En lógica correspondencia con ese protagonismo, estos entes infraestatales ya reconocidos entre nosotros como actores internacionales4, al desarrollar su propia acción internacional, llegan a consensos y pactos que, aun sin tener la fuerza vinculante de un tratado5, resultan eficaces al acabar por aplicarse en sus respectivos ámbitos territoriales. Es el caso, por ejemplo, de lo que ha de ser un plan local en materia de clima y energía, que queda establecido por el Pacto de los Alcaldes por el Clima y la Energía: de adhesión voluntaria, está desembocando en una revolución silenciosa que ha establecido un instrumento común de gestión pública en materia de clima que alcanza ya al 36% de la población de la UE-286.

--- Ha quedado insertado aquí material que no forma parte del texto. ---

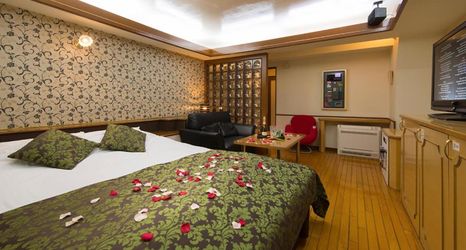 Others 2 Restay Yashio - Adults Only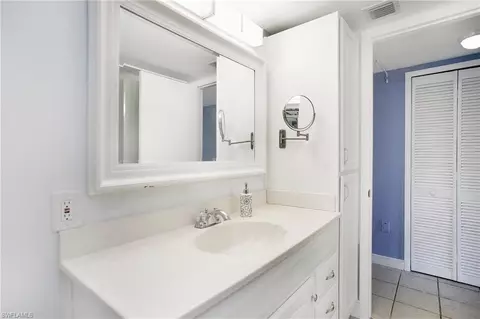 215 Cypress Way E #D1, Naples, FL 34110 photo 15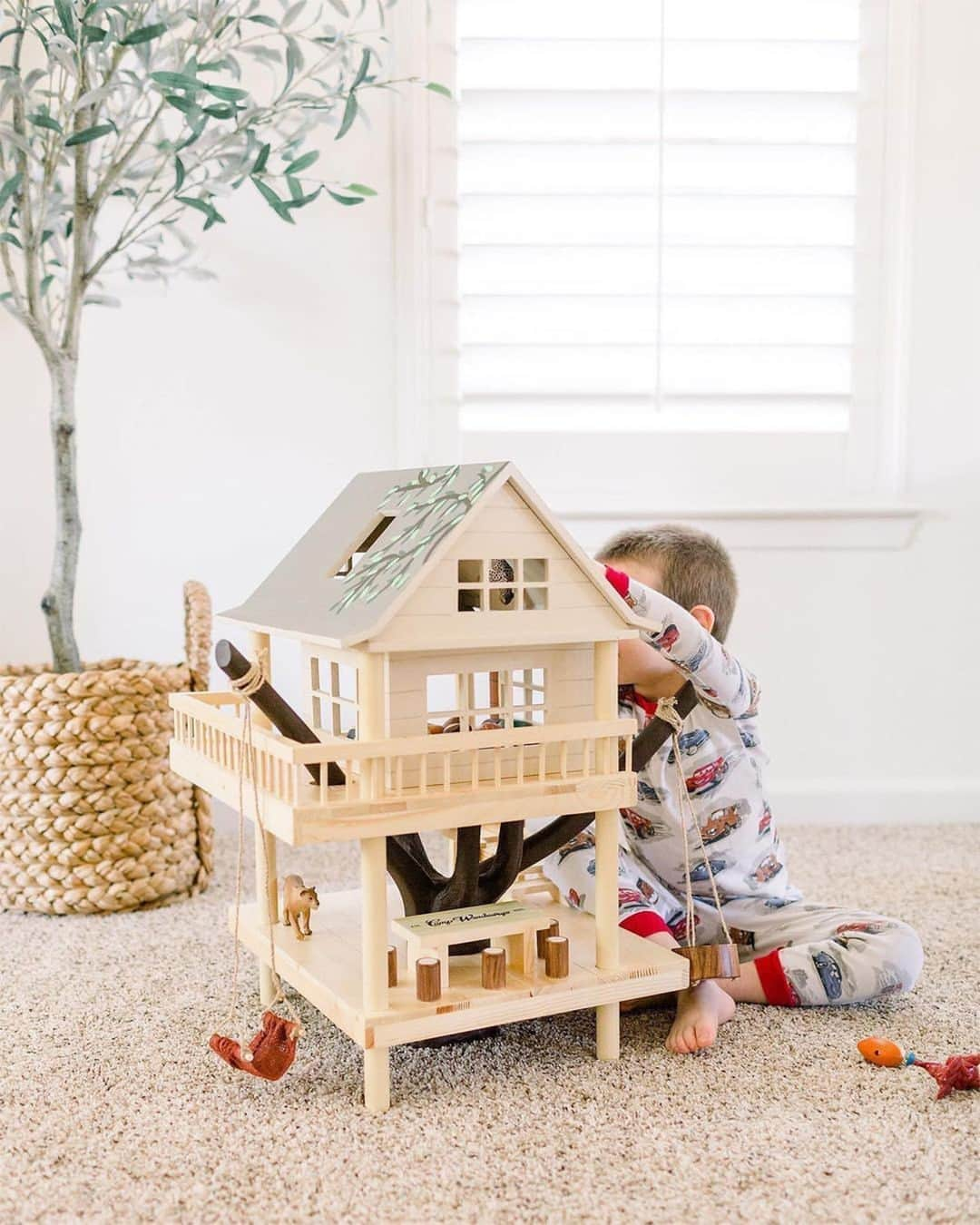 ジャスミン・トゥークスさんのインスタグラム写真 - (ジャスミン・トゥークスInstagram)「⭐⭐⭐⭐⭐ "The best toy I have ever bought!" —Sarah  And what's not to love? Our treehouse play set is...  📍based on an actual treehouse at the historic Camp Wandawega in Wisconsin  🎨 handpainted with water-based paints  ♻️ made from recycled pine wood, paper mache, rattan and jute twine  📷: @burtsbrisplease, @houseonannlane, @daniellewraith, @girlonthehudson, @thisoldcthouse  #KidsHolidayGift #KidsHolidayToy」11月16日 9時50分 - crateandkids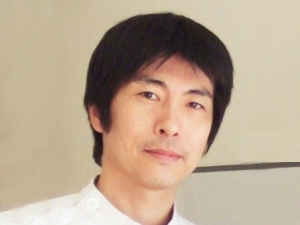 代表　佐藤 泰司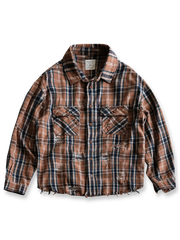 製品画像:
ウォッシュドダメージチェック柄長袖シャツ全体展示。高品質な純コットン生地と酵素洗い加工による自然なヴィンテージ感が引き立てられたチェック柄シャツの全体像。
詳細画像:
ダメージ加工とチェック柄のディテール。手作業で施されたダメージデザインと、チェック柄のテクスチャーが際立つディテール。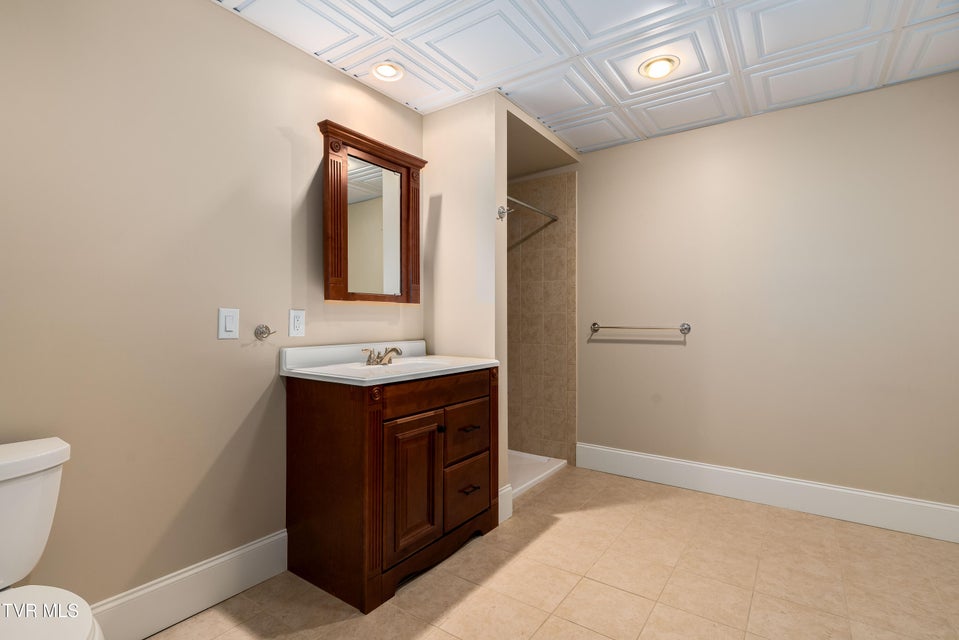 Photo #74: 287 Saylor Hill Road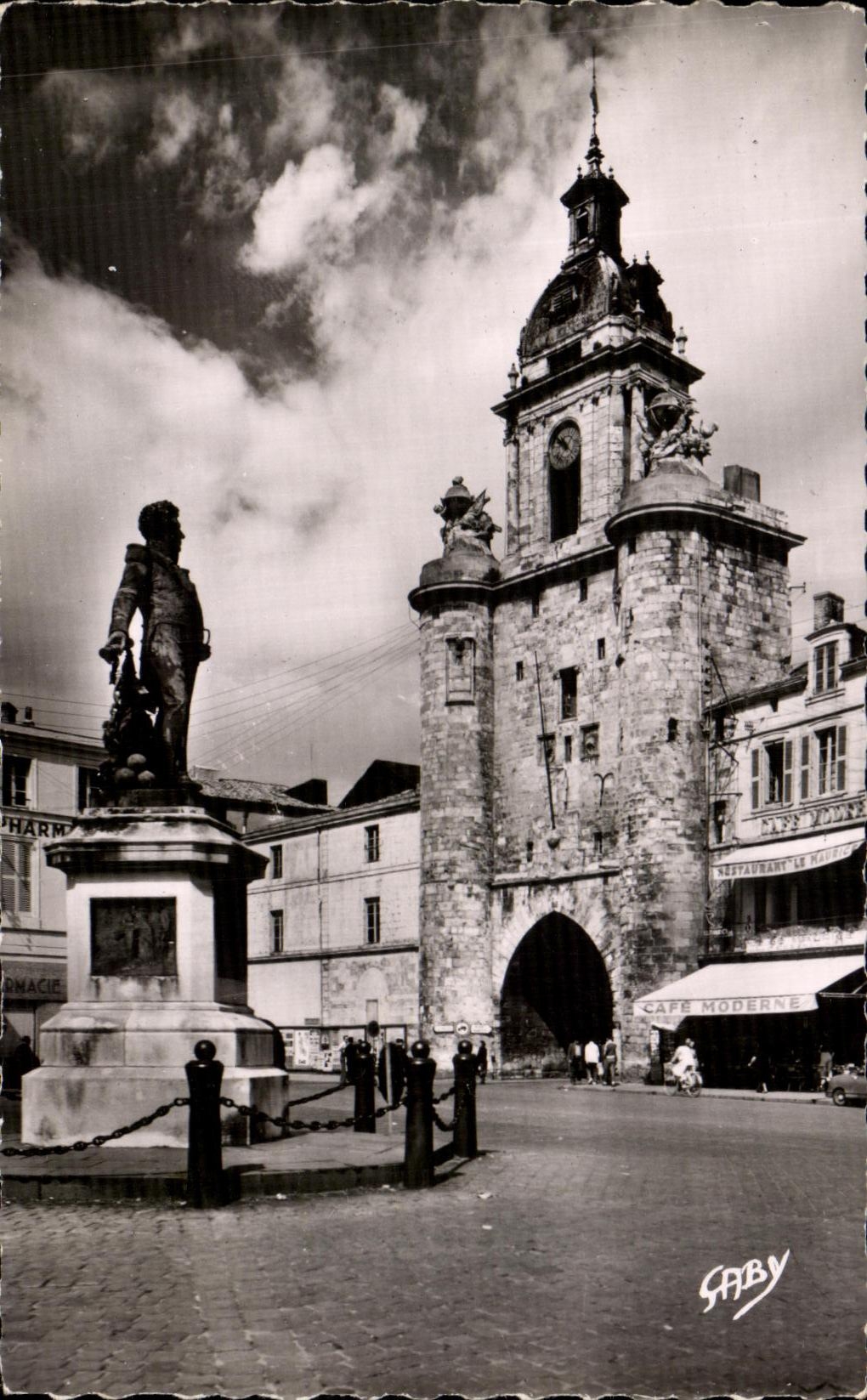 Estatua de CPSM La Rochelle del almirante Duperre y viaje del reloj grande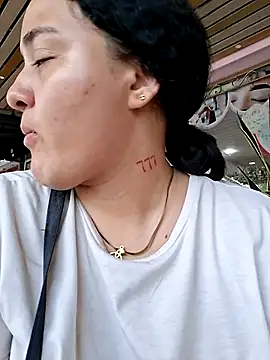 Snapshot of Liancy chatting on October 7, 2025, 9:05 pm Liancy online show from October 7, 2025, 9:05 pm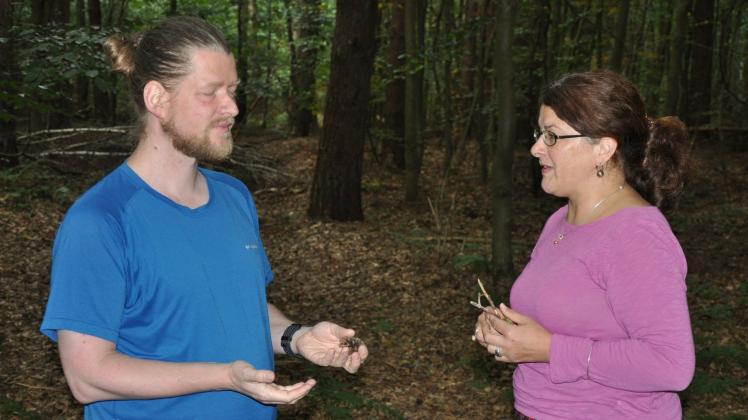 Einer der ersten zertifzierten Waldtherapeuten, Michael Brosemann, und Dozentin Kathi Pristrom bei einer Übung.  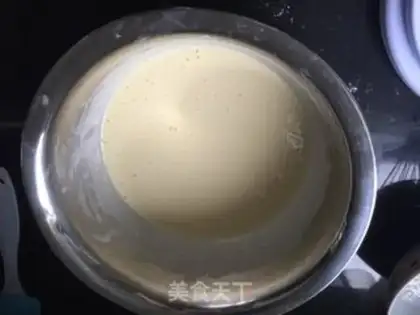 Make No sour almond cake step 2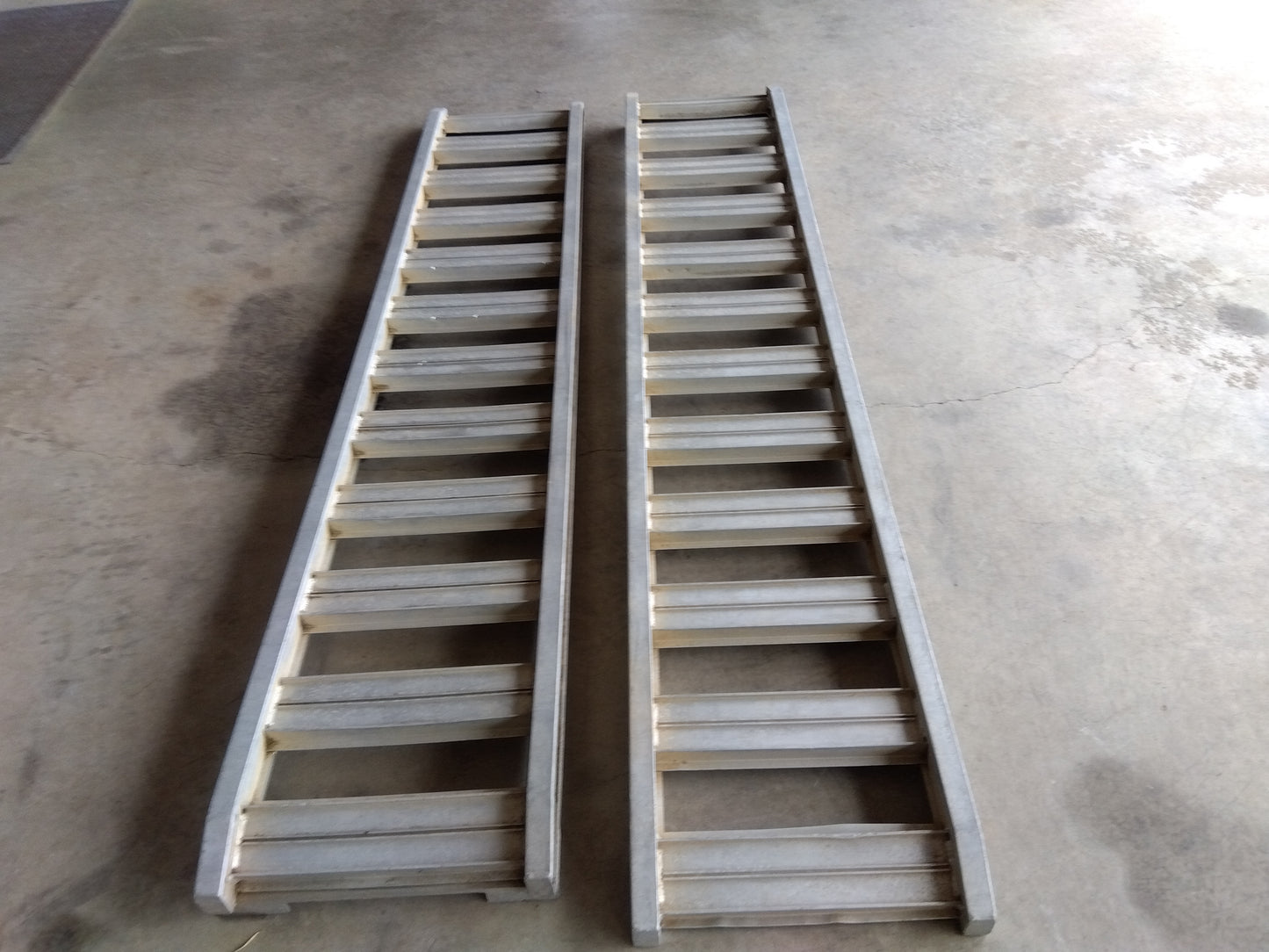 不明　アルミブリッジ　山形店　9136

0.2. Las dificultades del proceso descendente: las cuestiones competenciales

La irrupción de este nuevo ámbito político y jurídico requiere inevitable-mente determinar quién resulta habilitado por el ordenamiento para la adopción del complejo de acciones que se desarrollan sucesivamente: negociación, decisión, normativización, ejecución y controles -jurídicos y no jurídicos- de las acciones climáticas, y ello en un escenario en el que resultan implicados, e interaccionan, todos los niveles territoriales. Y queda así planteado el objeto de este trabajo: la competencia para el establecimiento y ejecución de las medidas climáticas. Esta determinación puede hacerse de dos formas: bien encajando en las construcciones jurídicas y dogmáticas precedentes más afines estos nuevos ámbitos de acción, o bien adecuando y actualizando los marcos jurídicos e institucionales para dar entrada singularizada a las nuevas acciones.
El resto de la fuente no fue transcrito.